The expression nanakorobi yaoki means “fall seven times and rise eight”. This is a Japanese concept of resilience which is a big theme in Misako’s life and coaching, so it is often used in her sessions as it highlights that, no matter how many times bad things happen with people, they can pick themselves back up. She says her mom would often say that even when people are in their darkest hours, it’s only temporary -- whatever the hardships are, none of them is eternal, it’s going to pass, and there is always hope.
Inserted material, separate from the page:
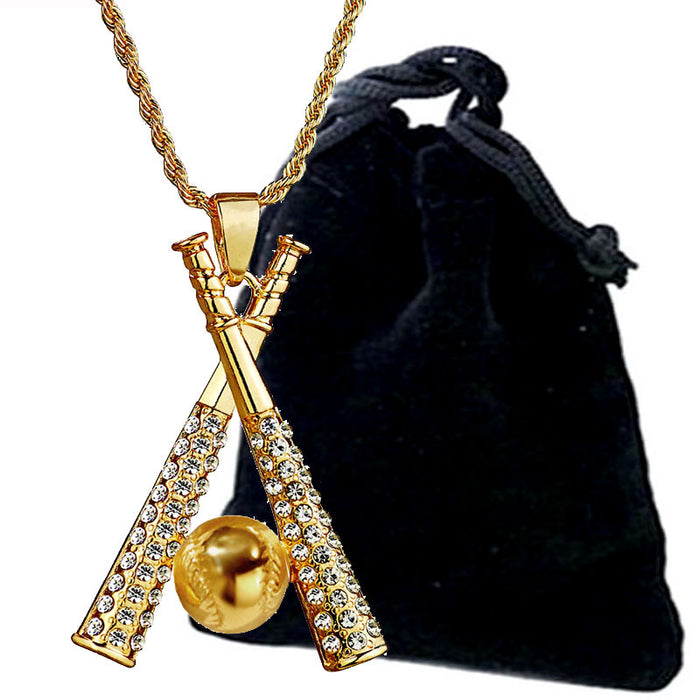 Wholesale HIP Hop Baseball Bat Sports Full Diamond Gold Plated Necklace JDC-NE-GSHC016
"Every scar you have is a reminder that you've suffered the pain and the suffering. You've endured, you've made it through, you now have a deeper understanding and greater compassion towards others’ struggles. You and I both know that a pain-free life doesn't exist, but we can always choose the right pain, the pain that helps us grow, the kind that leaves a scar that we can be proud of. Take heart, my friend, you are stronger than you think." - Misako Yoke
In the toughest moments of our lives, hope remains. We hold the sole responsibility for our own lives, and it's crucial to live according to our own desires rather than conforming to others' expectations. Challenges along the way enable personal growth and self-discovery. Giving up is unnecessary as difficult times guide us towards the right path, helping us understand ourselves and embrace our ikigai.